16 comentários:
De Zé T. a 16 de Abril de 2010 às 17:45

palavras para quê ?! ...

são 'gestores/ administradores' 'portugalêses' a sugar / vampirizar as empresas, os trabalhadores, os consumidores, o Estado e a economia deste 'rectângulo futebolês' !!

até quando ?!


De se não vai a bem, deve ir a mal ... a 17 de Abril de 2010 às 22:14

Marques Mendes diz que Governo foi ‘completamente desrespeitado’ pela EDP
O antigo líder do PSD Marques Mendes diz que o Governo foi «completamente desrespeitado» pela assembleia-geral da EDP, ao não conseguir fazer com que esta empresa reduza as remunerações do seu gestor

«Isto é um escândalo», afirmou Marques Mendes, que falava, na noite de sexta-feira, num hotel das Termas da Curia, num debate subordinado ao tema «Estará a democracia em risco?», promovido pela Comissão Política da Secção do PSD de Anadia.

«O gestor da eléctrica portuguesa ganha o dobro do que ganham os seus homólogos francês ou espanhol», apesar destes países terem «um nível de desenvolvimento superior ao de Portugal».

«Isto é escandaloso», frisa o ex-líder social-democrata, e não apenas por «estarmos em crise - o que agrava a situação». Mas também porque «o desenvolvimento da nossa sociedade não permite aquele nível de remuneração».

Os gestores de «empresas qualificadas e difíceis têm de ser bem pagos», admitiu Marques Mendes, mas, sustentou, «há diferenças entre empresas tipicamente privadas e públicas ou participadas pelo Estado, que têm uma lógica de serviço público e quem não quiser ser seu gestor não aceita».
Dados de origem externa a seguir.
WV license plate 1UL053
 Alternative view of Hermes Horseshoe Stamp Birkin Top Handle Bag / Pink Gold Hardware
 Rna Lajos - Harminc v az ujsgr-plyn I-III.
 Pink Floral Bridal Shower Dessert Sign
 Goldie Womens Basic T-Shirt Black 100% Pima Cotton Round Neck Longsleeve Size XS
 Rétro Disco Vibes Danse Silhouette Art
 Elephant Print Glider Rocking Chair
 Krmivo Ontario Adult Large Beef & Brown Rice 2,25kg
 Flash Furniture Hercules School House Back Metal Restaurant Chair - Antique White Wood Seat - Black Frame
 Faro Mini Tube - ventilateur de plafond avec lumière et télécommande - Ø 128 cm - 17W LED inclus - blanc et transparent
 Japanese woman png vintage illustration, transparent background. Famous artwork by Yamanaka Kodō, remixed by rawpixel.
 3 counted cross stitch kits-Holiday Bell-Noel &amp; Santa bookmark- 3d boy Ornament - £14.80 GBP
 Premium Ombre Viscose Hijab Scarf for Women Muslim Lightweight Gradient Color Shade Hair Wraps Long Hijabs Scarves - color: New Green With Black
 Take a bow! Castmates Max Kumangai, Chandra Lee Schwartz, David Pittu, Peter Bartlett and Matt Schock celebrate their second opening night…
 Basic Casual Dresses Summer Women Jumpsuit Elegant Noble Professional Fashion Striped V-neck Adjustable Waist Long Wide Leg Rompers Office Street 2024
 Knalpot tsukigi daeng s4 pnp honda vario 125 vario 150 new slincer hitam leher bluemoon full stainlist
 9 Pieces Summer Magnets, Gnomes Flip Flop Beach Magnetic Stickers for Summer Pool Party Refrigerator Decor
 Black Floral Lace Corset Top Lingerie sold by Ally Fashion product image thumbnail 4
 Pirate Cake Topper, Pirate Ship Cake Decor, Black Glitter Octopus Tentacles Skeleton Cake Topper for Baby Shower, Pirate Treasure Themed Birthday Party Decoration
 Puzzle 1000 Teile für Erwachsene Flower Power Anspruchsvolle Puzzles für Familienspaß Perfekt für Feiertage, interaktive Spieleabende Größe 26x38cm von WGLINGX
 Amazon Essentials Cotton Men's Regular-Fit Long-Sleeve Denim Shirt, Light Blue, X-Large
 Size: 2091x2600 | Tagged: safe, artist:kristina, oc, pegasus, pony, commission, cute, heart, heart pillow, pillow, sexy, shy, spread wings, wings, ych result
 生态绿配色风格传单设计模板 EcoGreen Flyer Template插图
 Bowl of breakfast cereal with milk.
Esta posição «não tem nada de demagogia nem de populismo», considerou, argumentando que está em causa uma questão de «verdade, de responsabilidade e de ética».

«Mas a partir de hoje temos um problema agravado». O Governo «tentou diminuir aquelas verbas exorbitantes» na assembleia-geral da EDP e «foi completamente desrespeitado».

A partir de agora, sublinhou Marques Mendes, «é o escândalo de um Governo que não se dá ao respeito, já não tem força, não tem poder nem autoridade para impor as suas decisões».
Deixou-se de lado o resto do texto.